Apartments in the suburbs

Amy Dain’s November 2023 report on exclusionary zoning in Boston’s suburbs details how White neighborhoods either prohibited apartment buildings, or introduced discretionary approval processes that led to dead ends, in the same era as civil rights victories and passage of the Fair Housing Act. Diverse perspectives might have given rise to a less myopic vision for the suburbs.

In 1976, the Massachusetts legislature required all municipalities to pen a local growth policy statement. Many of the statements issued by Boston’s suburbs purported no need for growth, instead prioritizing maintenance of their socioeconomic status and single-family houses. This was a reversal for some of these suburbs, which previously welcomed the fiscal benefits of new apartment buildings—e.g., increased tax revenue and reduced municipal services. 

Although suburban downzoning proceeded under a rationale of curbing growth, the lack of apartments disproportionately impacted racially diverse households compared to White households.

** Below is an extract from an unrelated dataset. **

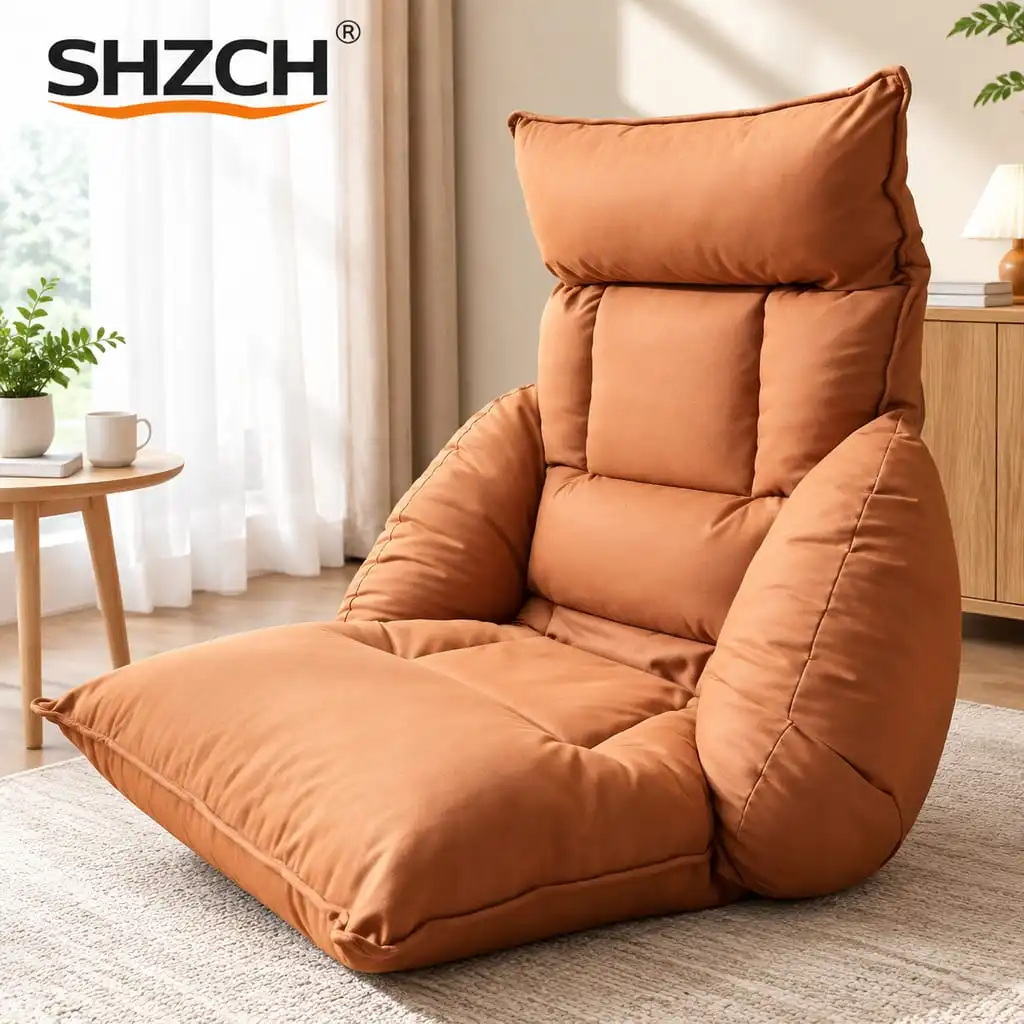 Fabric Lazy Sofa Chair Foldable Floor Lounger Living Room Adjustable Recliner Comfy Reading Seating Compact Lounge Furniture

Racially diverse households, renting at a higher rate than White households, lost an important entry point to the suburbs exactly when desegregation otherwise made their move to a historically White neighborhood less unlikely. 

Even today, the Commonwealth’s non-homeownership rate is 60% for Black households compared to 30% for White households. In a time when Boston’s suburbs are again opening up to apartment buildings through the Massachusetts Bay Transportation Authority Communities Act, perhaps homeownership will no longer be the price of entry. More fundamentally, perhaps we will see alternatives to the archetype of homeownership for families and renting for singles and empty nesters. 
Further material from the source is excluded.